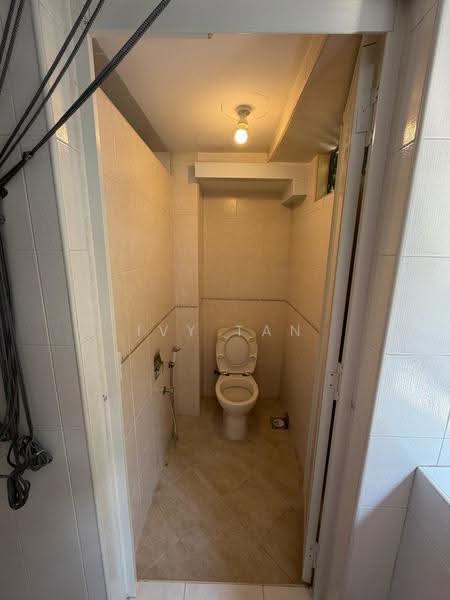 Everton Road, Everton Road, 2 Bedrooms, 1,000 sqft, Conservation House For Rent, by Ivy Tan, 500244844 - PropertyGuru.com.sg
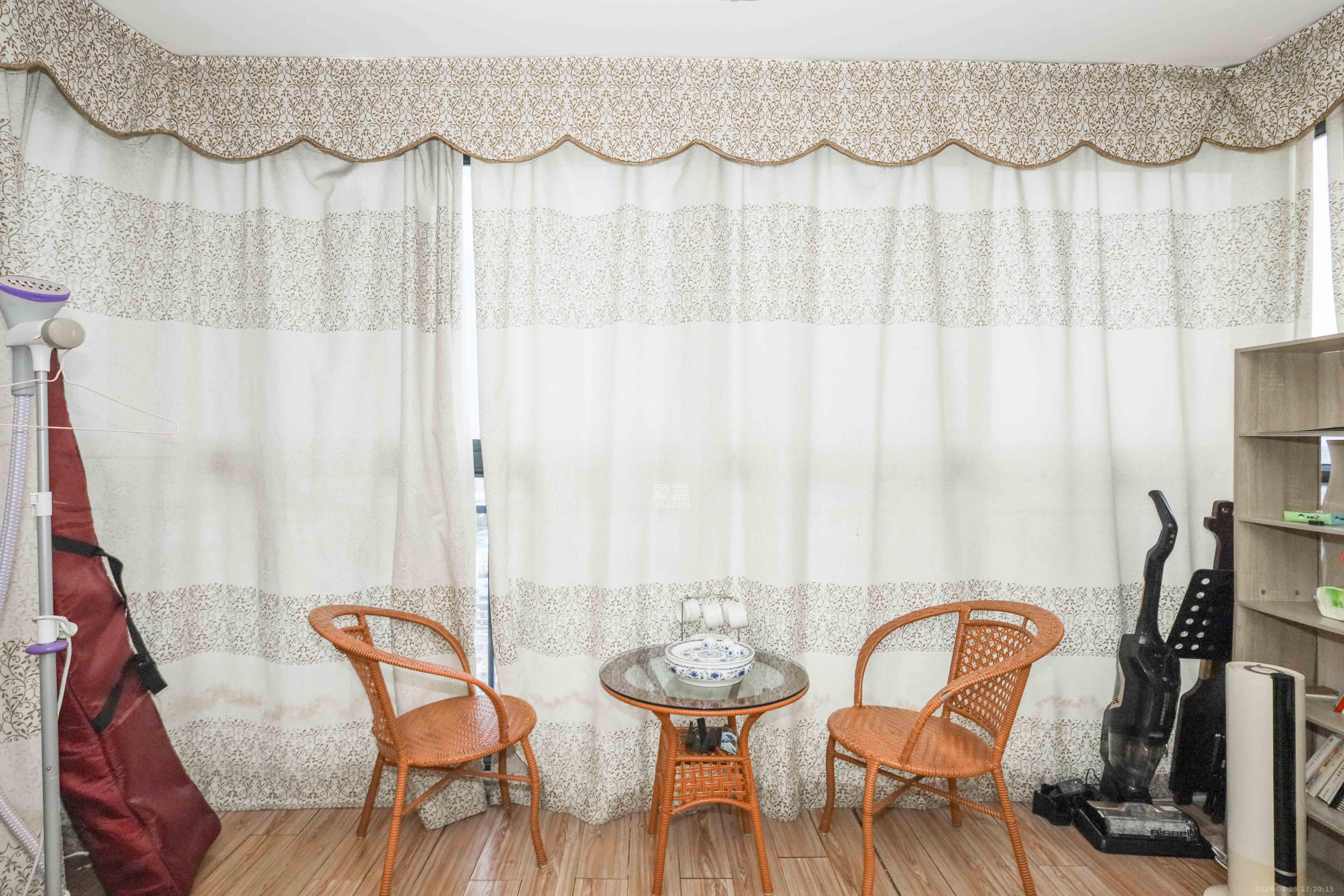 保利麓谷林语B区  3室2厅1卫    85.0万阳台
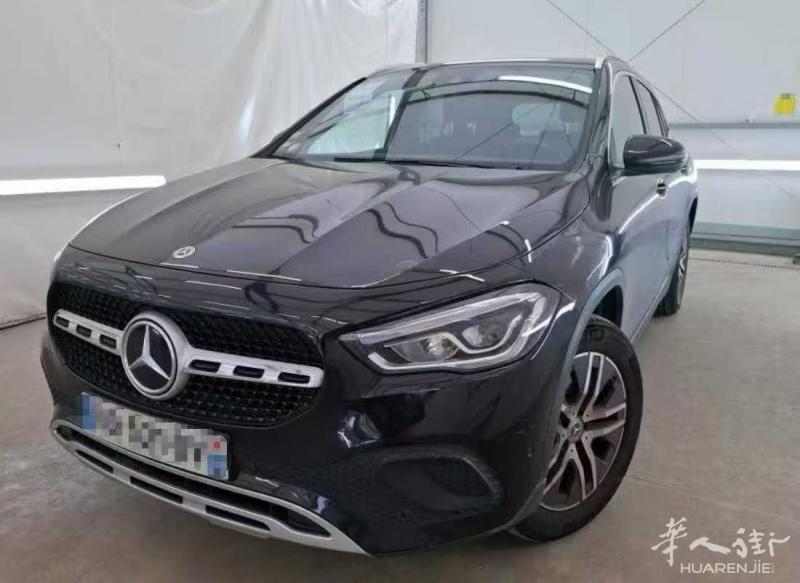 奔驰小越野 GLA 250 e Business Line DCT｜2022年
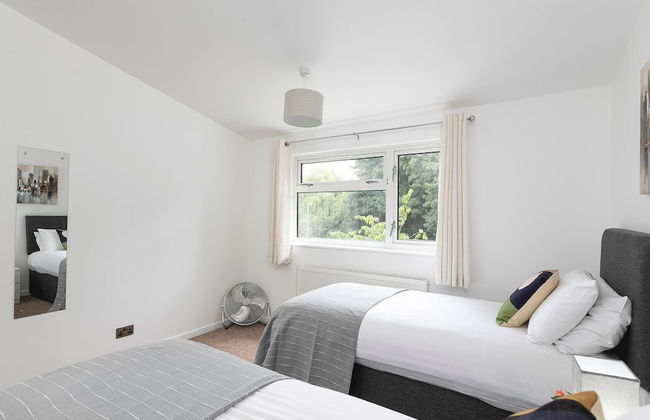 Skyvillion - Lush 2 Bed Hydean Way House & Garden - Foto 7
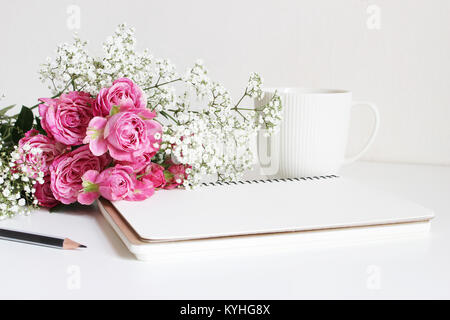 Hochzeit im Stil der Foto. Stillleben mit Rosen, Atem Baby's Gypsophila Blumen, weißen Schale, Bleistift und Notizbuch. Florale Komposition. Bild für Blog oder Social Media. Stockfoto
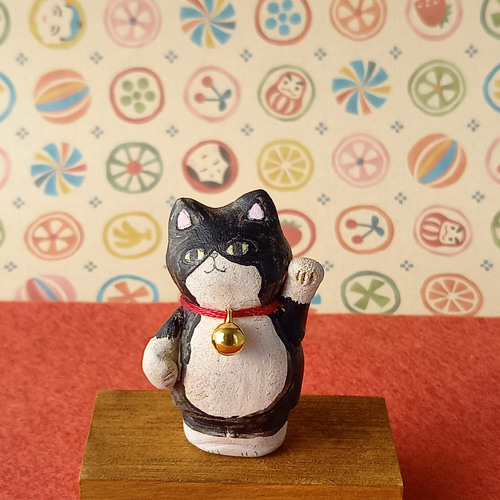 黒のハチワレ招き猫【一点もの】 招き猫 nendo & kinokopan 通販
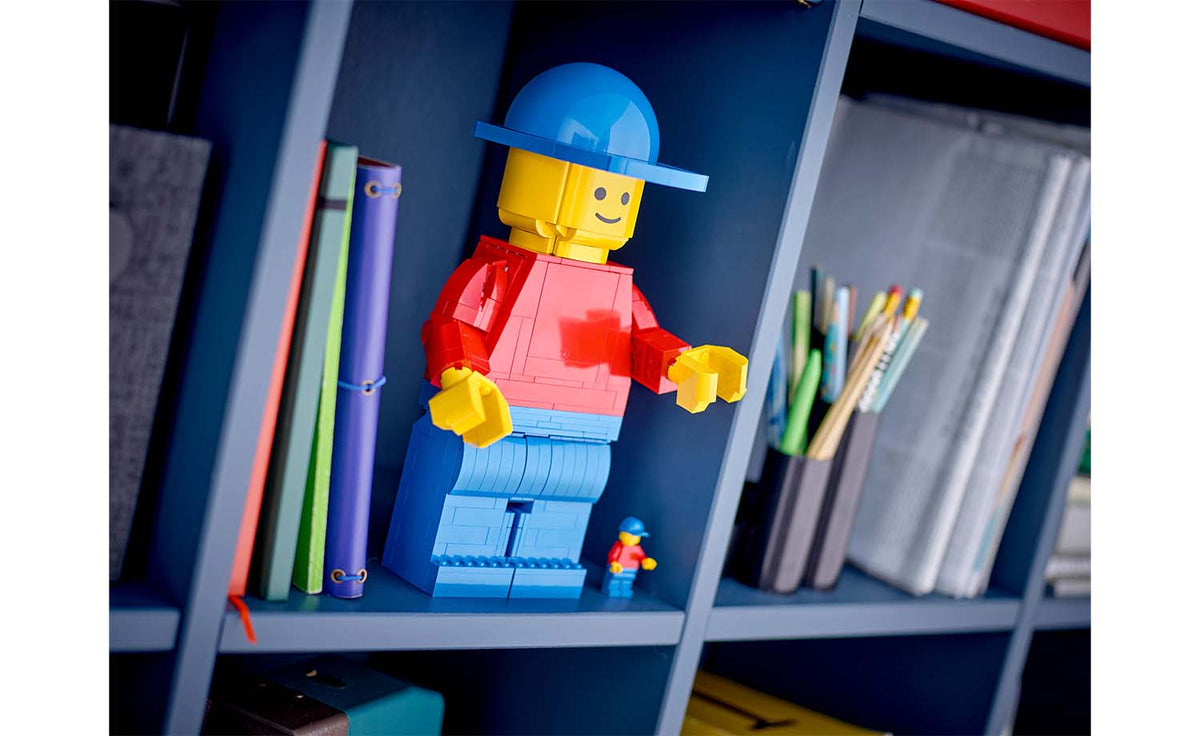 LEGO Iconic Up-Scaled Minifigure | 40649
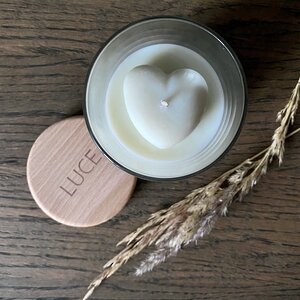 Декоративная ароматическая свеча Luce Heart: Ваниль, 30 часов горения (Luce, Россия). Артикул: GSWVAH250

▶ [Prompt]
Leave out the pictures and repeat exactly the lines from the start of the material through the line that contains "黒のハチワレ招き猫【一点もの】 招き猫 nendo & kinokopan 通販", both included.

▶ [Task response]
 Everton Road, Everton Road, 2 Bedrooms, 1,000 sqft, Conservation House For Rent, by Ivy Tan, 500244844 - PropertyGuru.com.sg
 保利麓谷林语B区  3室2厅1卫    85.0万阳台
 奔驰小越野 GLA 250 e Business Line DCT｜2022年
 Skyvillion - Lush 2 Bed Hydean Way House & Garden - Foto 7
 Hochzeit im Stil der Foto. Stillleben mit Rosen, Atem Baby's Gypsophila Blumen, weißen Schale, Bleistift und Notizbuch. Florale Komposition. Bild für Blog oder Social Media. Stockfoto
 黒のハチワレ招き猫【一点もの】 招き猫 nendo & kinokopan 通販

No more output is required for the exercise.